In this case, the person who disagrees with Burroway’s story-as-war approach is Burroway herself. In Curious Attractions: Essays On Writing, Debra Spark explains how future editions of Burroway’s text would see her scale back the militaristic language that she had in fact borrowed from editor Mel McKee. The war analogies, Burroway felt in later years, were overly masculine, a sentiment shared by other practitioners. Spark explains how Ursula Le Guin took issue with the gender politics of the “story-as-war” analogy, the plain-old politics politics of the analogy, as well as the role of conflict itself in fiction. Why, Le Guin wondered, should this “gladiatorial view of fiction,” this “one aspect of existence, conflict, subsume all other aspects?”
So. The eager creative writing student: they’re in the thick of it now. They know they should start a war at the outset of a piece. Or, they should reject the masculine mumbo jumbo that prescribes their fighters get-a fighting.
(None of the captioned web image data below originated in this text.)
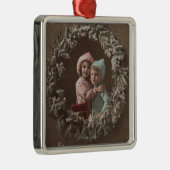 幸せなChristmasLittleの子供の抱き締めること メタルオーナメント (右)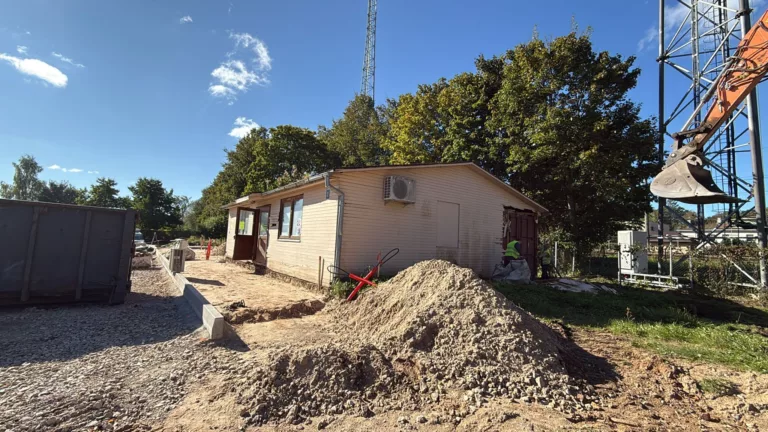 Bijušās veikala ēkas nojaukšana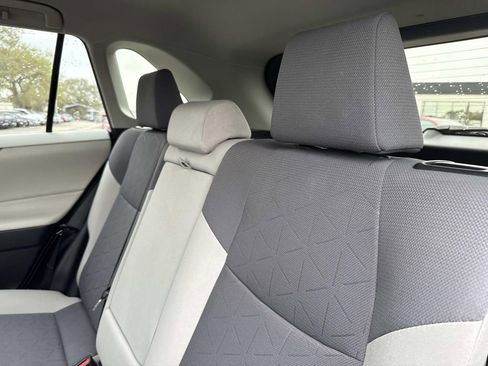 Used 2021 Toyota RAV4 XLE image 13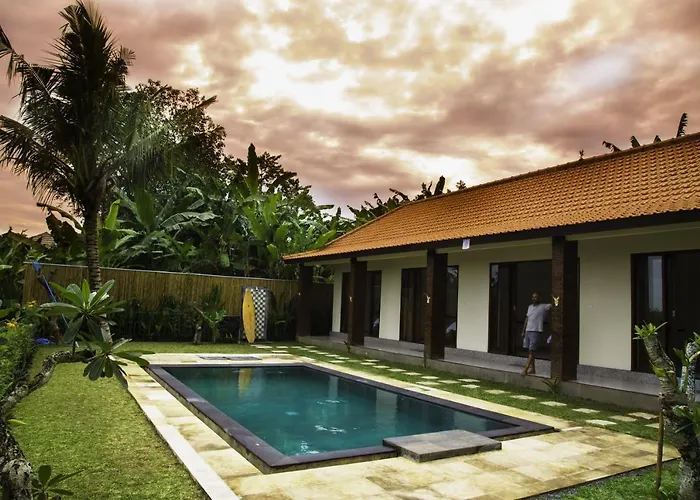 Umah Nugraha Casa de hóspedes 4*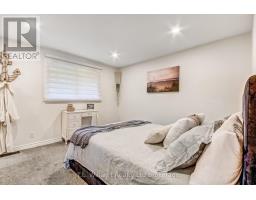 B - 32 ALBERT STREET - 11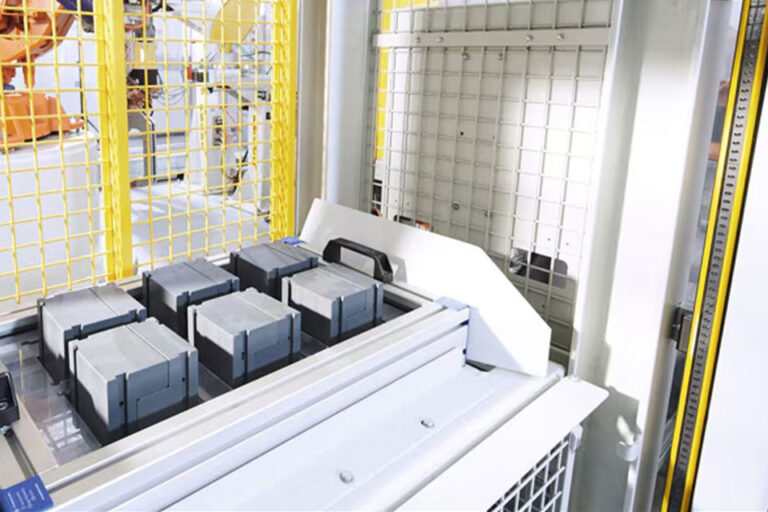 Light Curtain vs Standard Photoelectric Sensors: Why Safety-Rated Devices Matter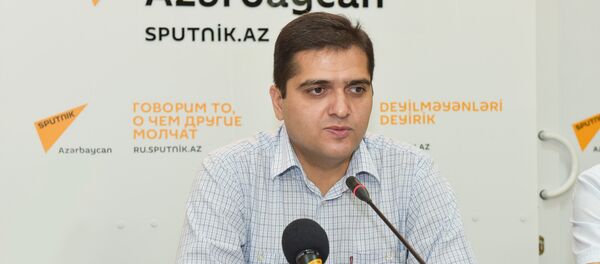 Эльхан Шахиноглу, политолог, руководитель аналитического центра Атлас - Sputnik Грузия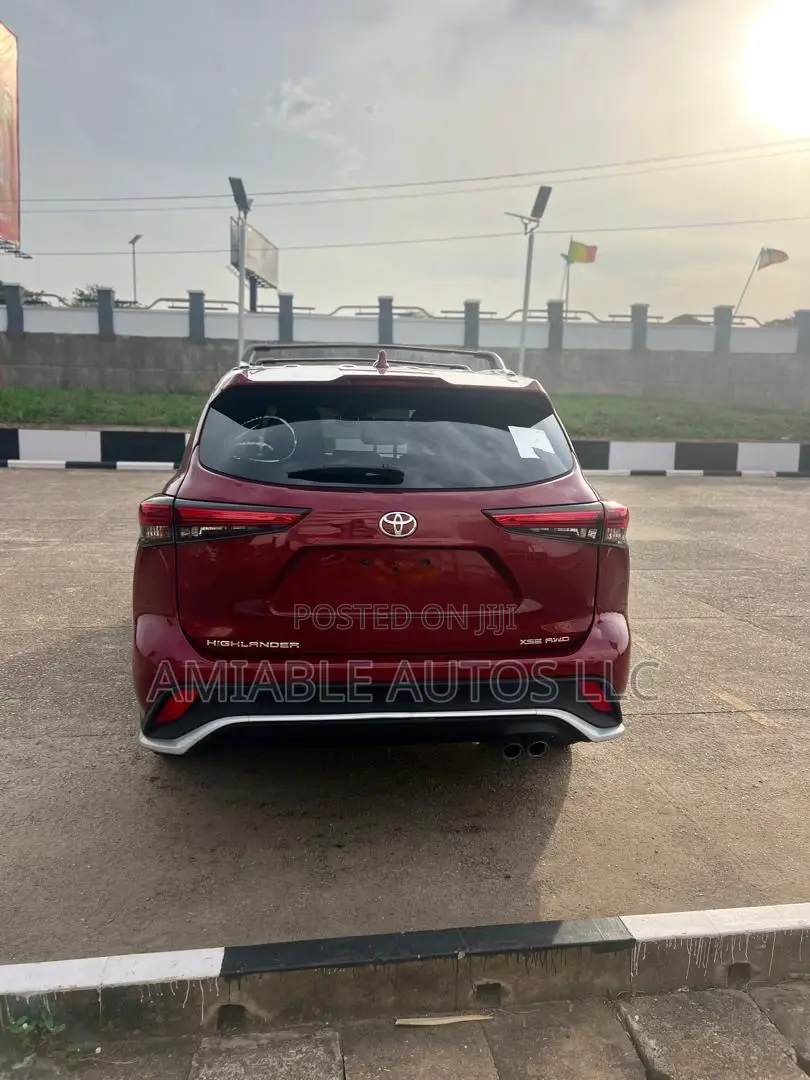 Toyota Highlander XSE 2021 Burgundy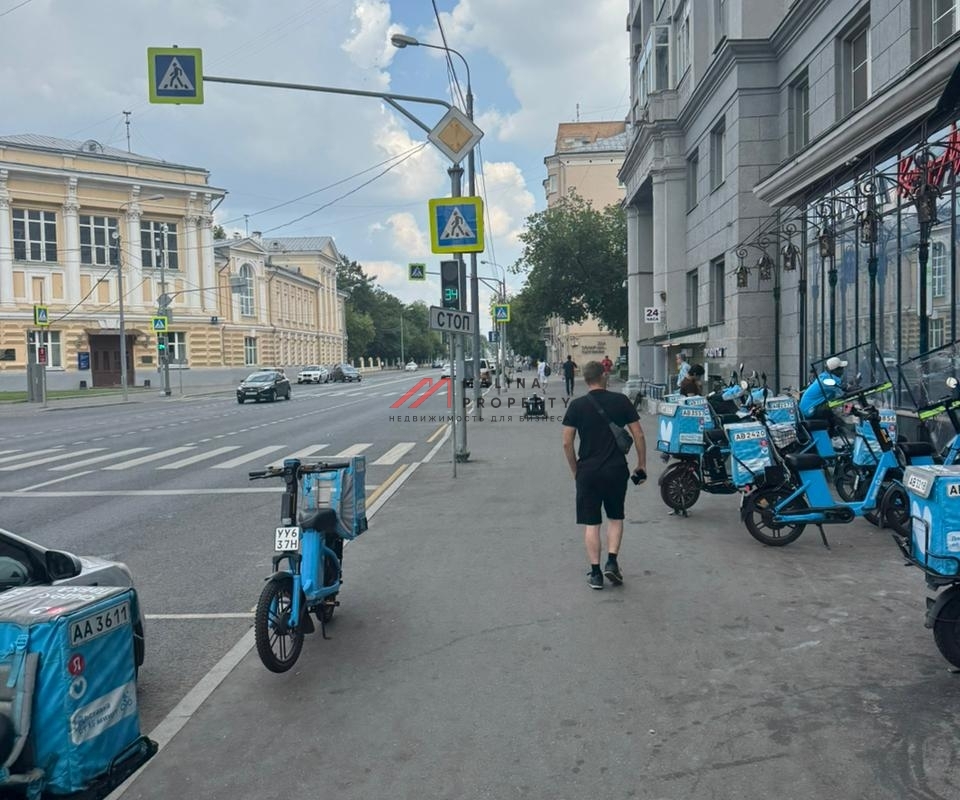 Торговое помещение с арендатором  в Хамовниках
The student is, in a word, bamboozled. In their confusion, and on recommendation, they pivot to Charles Baxter, that thoughtful champion of subtext, who suggests that “characters reveal themselves through dramatic placement.” Place them in a good scene, Baxter advises in The Art of Subtext, let it simmer, and then watch your characters slowly “lose their surface-level self-possession,” which is another nice alliterative phrase, although the student should not be humming it when they open their John Gardner. “No fiction,” Gardner writes in his canonical text The Art of Fiction, “can have real interest if the central character is not an agent struggling for his or her own goals but a victim, subject to the will of others.” Subtleties and simmering and dramatic placement are not nearly enough, Gardner insists. “Failure to recognize that the central character must act, not simply be acted upon,” Gardner claims, “is the single most common mistake in the fiction of beginners.”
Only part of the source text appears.